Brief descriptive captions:
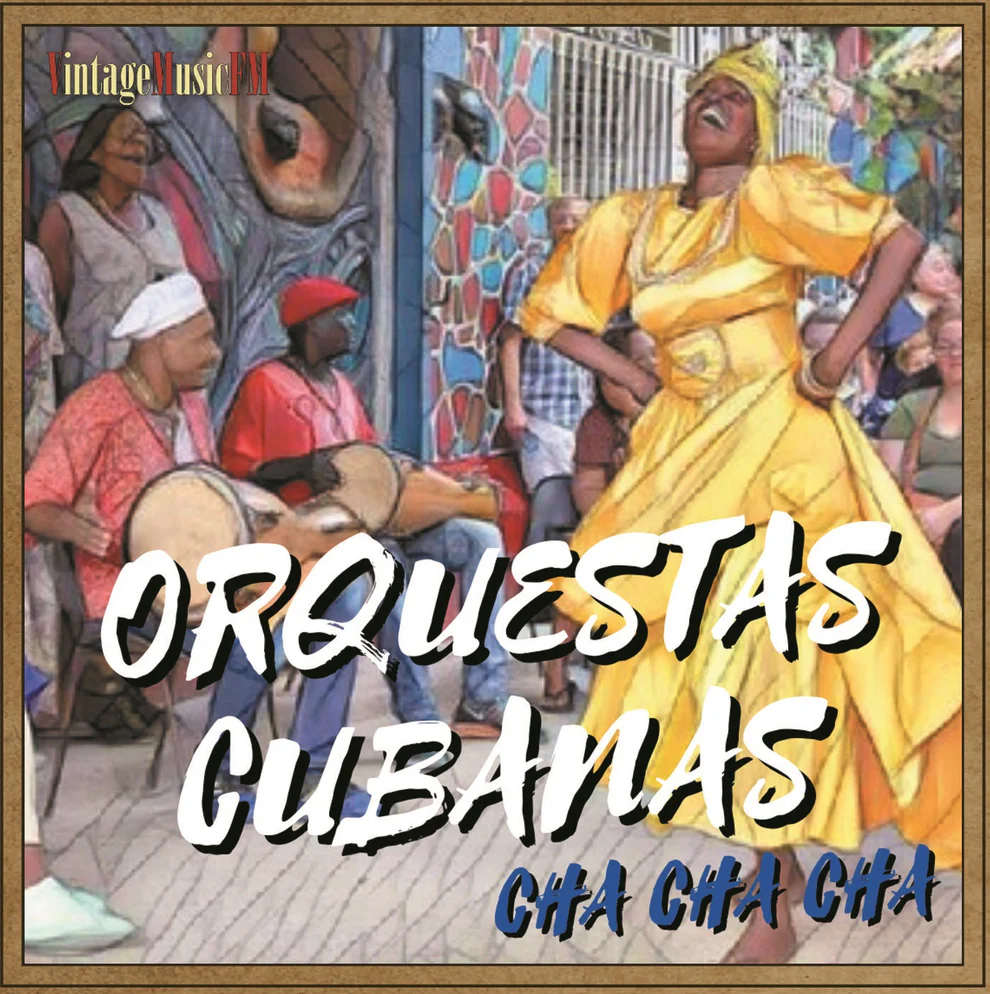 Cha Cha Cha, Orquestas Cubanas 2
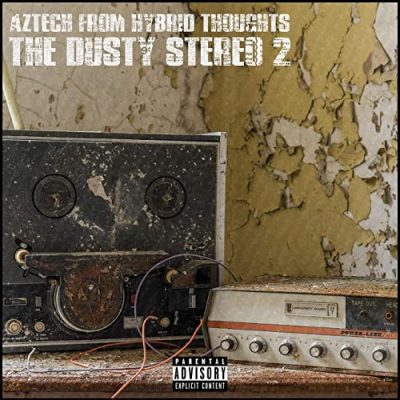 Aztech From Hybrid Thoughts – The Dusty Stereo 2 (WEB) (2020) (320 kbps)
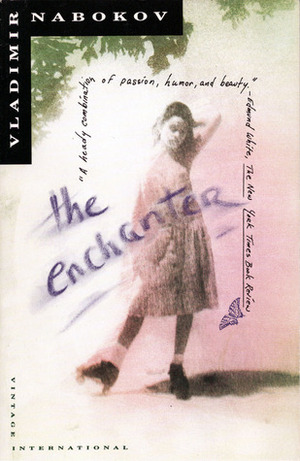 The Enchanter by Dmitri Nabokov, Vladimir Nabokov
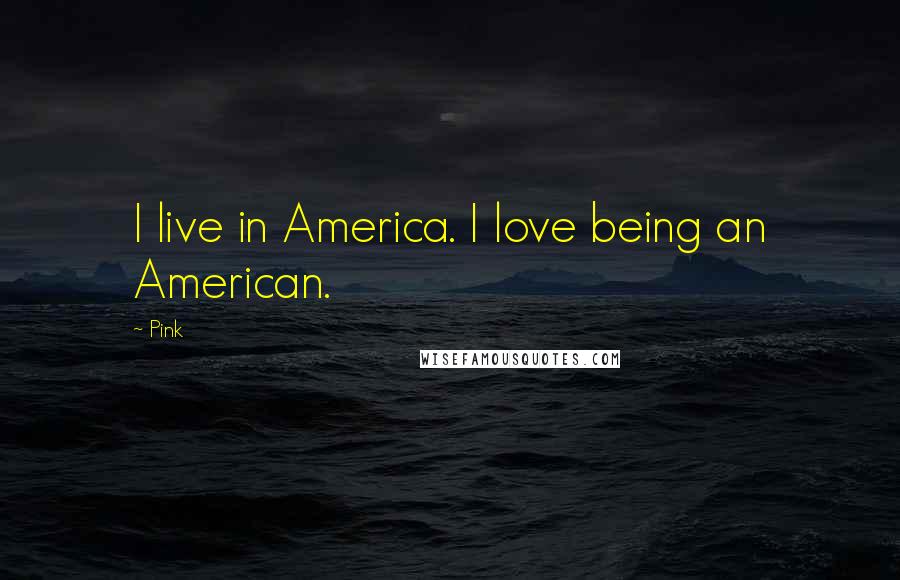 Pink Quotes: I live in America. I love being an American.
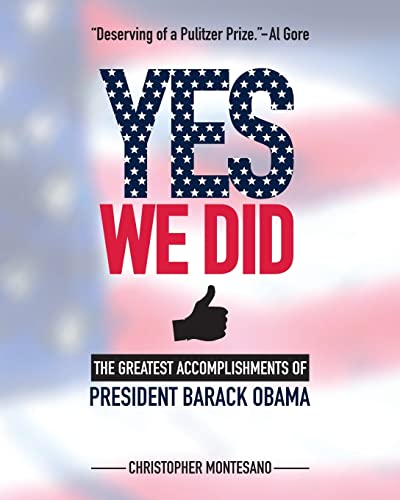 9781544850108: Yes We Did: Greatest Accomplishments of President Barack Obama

---

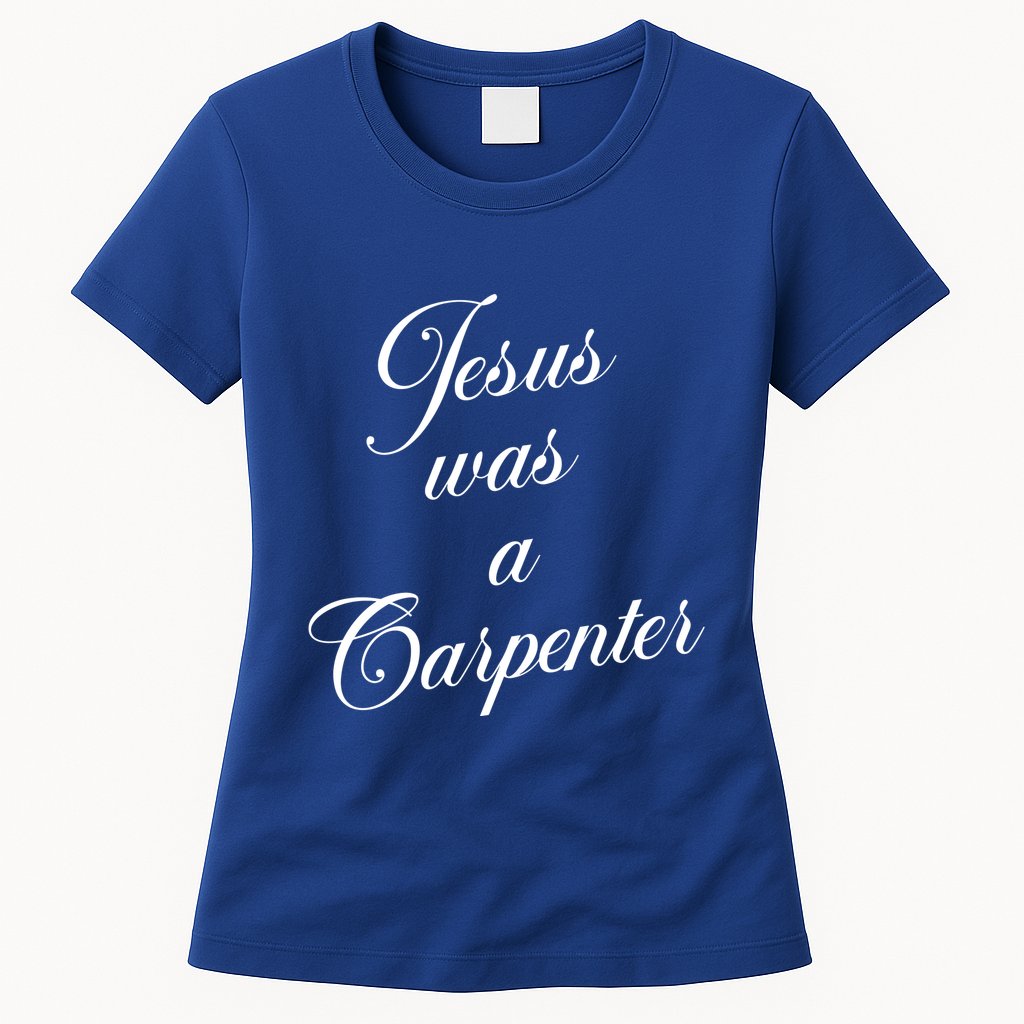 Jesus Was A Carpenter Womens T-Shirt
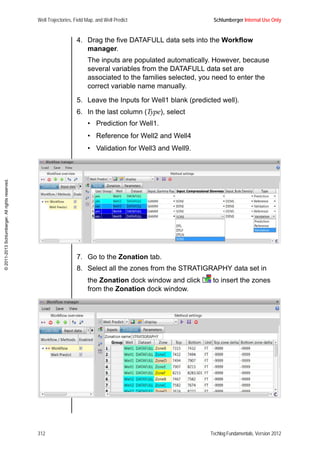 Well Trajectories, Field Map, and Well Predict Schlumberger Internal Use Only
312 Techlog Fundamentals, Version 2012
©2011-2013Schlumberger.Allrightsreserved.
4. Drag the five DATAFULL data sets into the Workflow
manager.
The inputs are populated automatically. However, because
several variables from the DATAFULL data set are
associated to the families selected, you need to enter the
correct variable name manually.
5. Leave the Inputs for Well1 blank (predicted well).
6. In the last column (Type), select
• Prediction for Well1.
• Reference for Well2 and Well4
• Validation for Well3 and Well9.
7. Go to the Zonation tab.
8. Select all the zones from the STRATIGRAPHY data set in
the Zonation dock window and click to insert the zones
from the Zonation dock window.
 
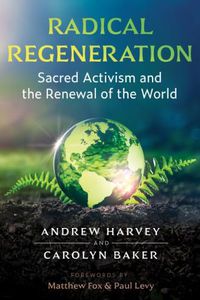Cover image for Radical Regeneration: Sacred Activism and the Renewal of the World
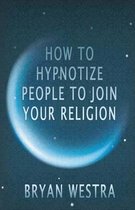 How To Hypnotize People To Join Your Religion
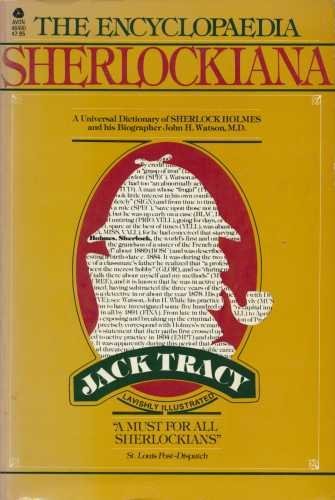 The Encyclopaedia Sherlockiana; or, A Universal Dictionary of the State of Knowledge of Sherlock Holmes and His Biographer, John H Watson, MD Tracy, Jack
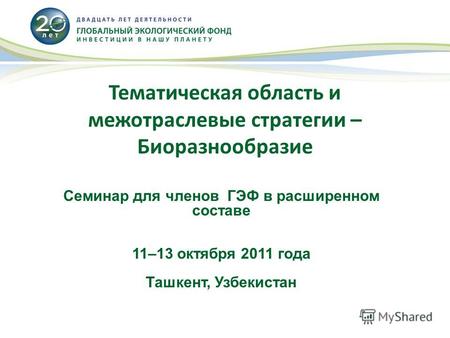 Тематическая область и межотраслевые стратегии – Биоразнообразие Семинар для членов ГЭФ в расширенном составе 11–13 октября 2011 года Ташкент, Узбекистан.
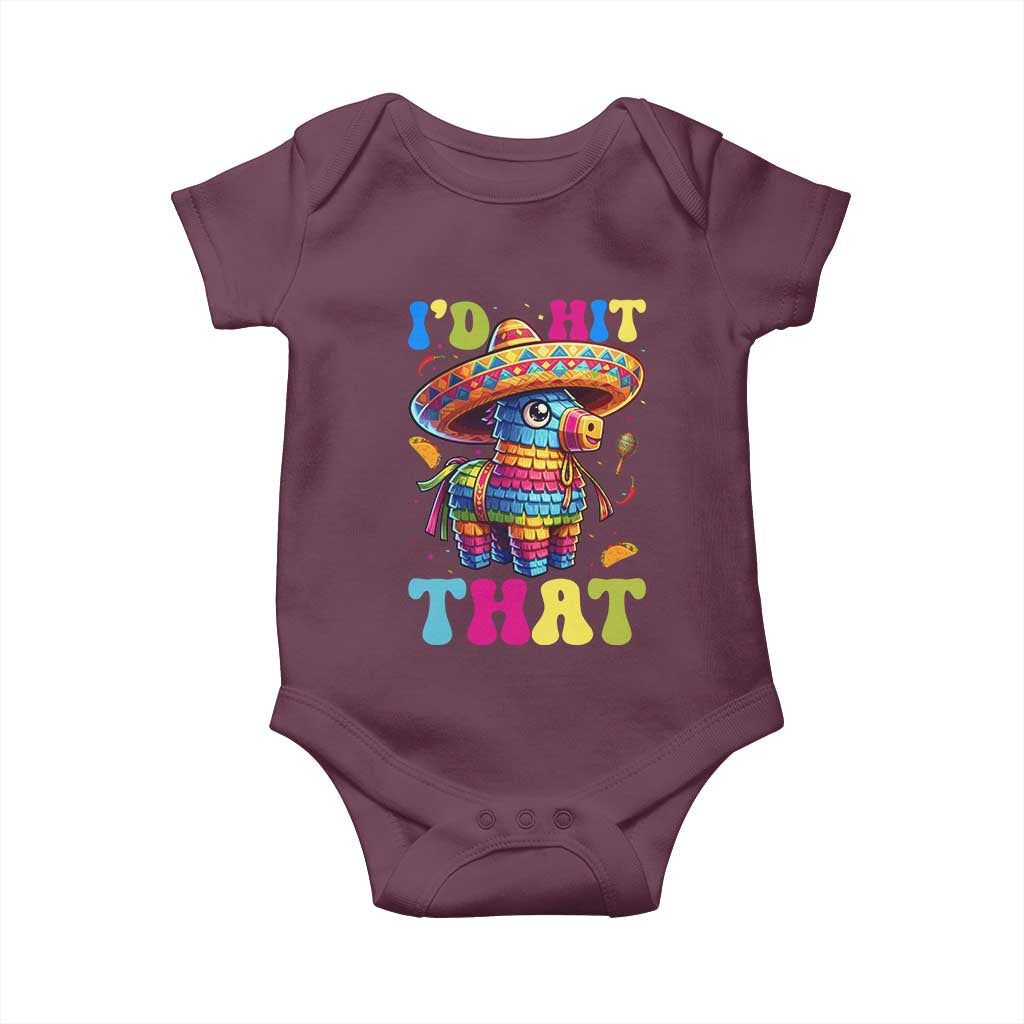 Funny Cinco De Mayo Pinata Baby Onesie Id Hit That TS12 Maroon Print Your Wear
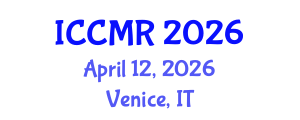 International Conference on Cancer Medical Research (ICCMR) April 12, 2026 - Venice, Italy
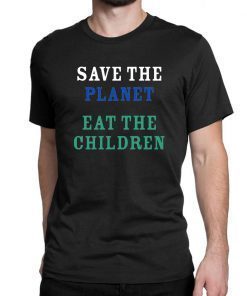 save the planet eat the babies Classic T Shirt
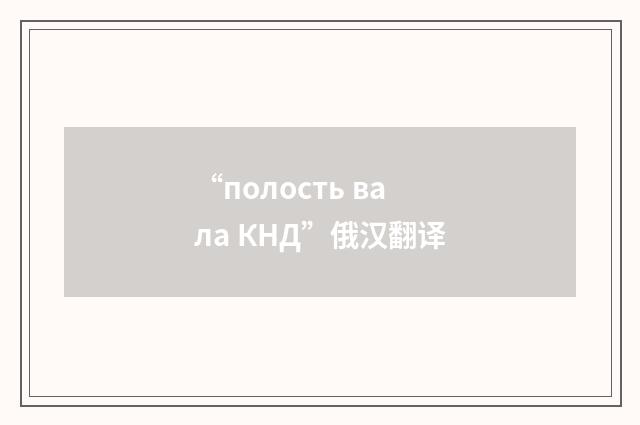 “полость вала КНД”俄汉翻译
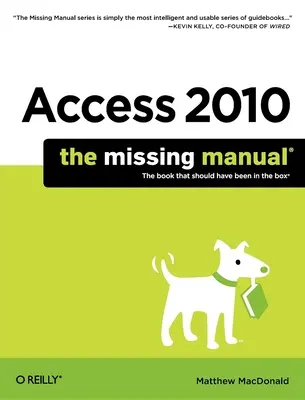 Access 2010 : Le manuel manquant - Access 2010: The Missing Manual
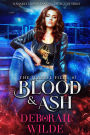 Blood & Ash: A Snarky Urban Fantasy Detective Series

--

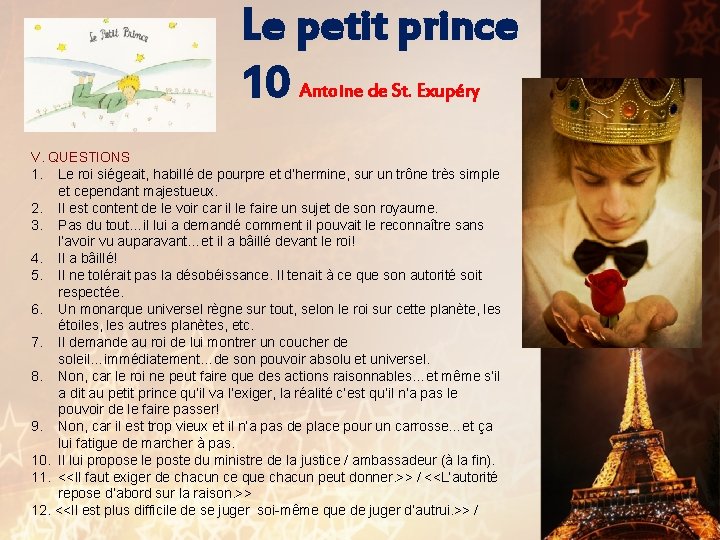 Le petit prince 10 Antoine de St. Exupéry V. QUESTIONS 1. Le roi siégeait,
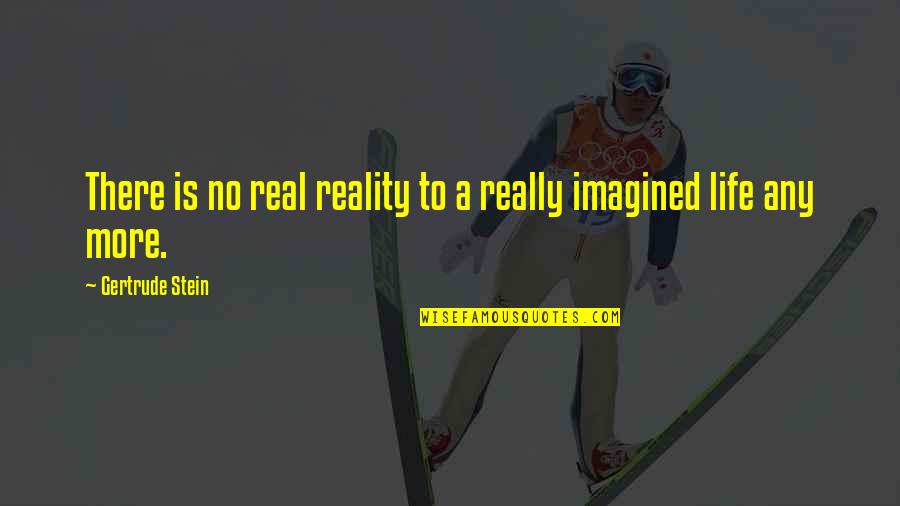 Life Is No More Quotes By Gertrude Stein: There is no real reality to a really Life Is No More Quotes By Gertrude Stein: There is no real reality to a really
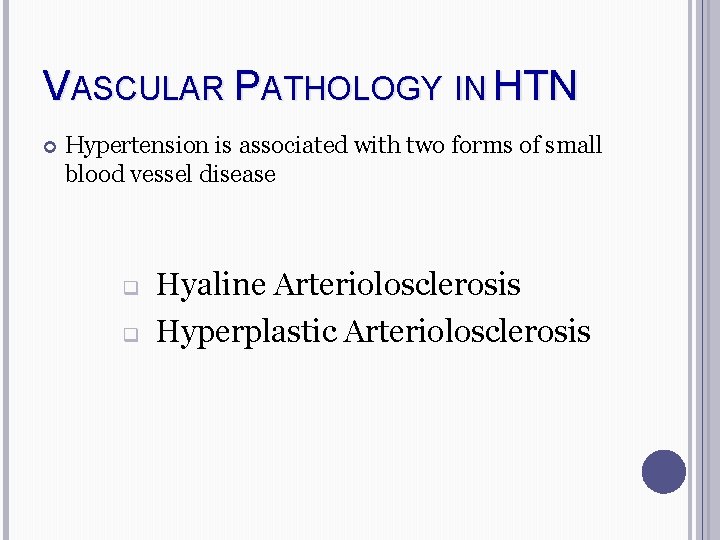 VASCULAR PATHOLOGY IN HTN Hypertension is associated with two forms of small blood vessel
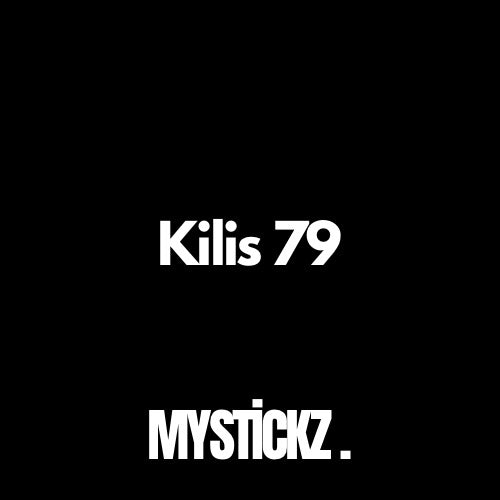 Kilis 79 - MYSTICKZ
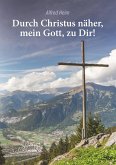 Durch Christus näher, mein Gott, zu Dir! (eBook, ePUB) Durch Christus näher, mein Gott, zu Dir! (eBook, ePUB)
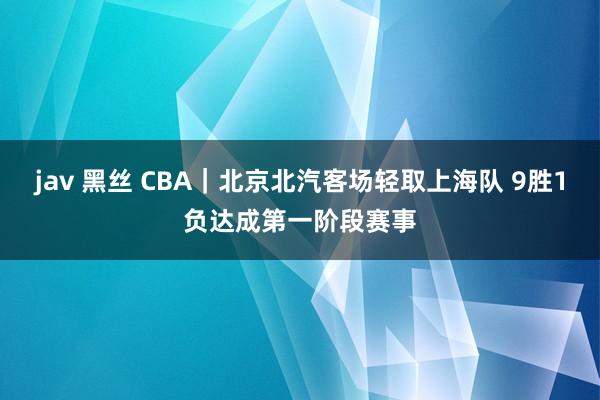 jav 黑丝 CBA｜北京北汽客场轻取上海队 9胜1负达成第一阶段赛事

## EXERCISE GOAL
What is wanted is an exact copy of the lines above from the one containing "Pink Quotes: I" through the one containing "9781544850108: Yes We", with no pictures in it.

## WRITTEN REPLY
 Pink Quotes: I live in America. I love being an American.
 9781544850108: Yes We Did: Greatest Accomplishments of President Barack Obama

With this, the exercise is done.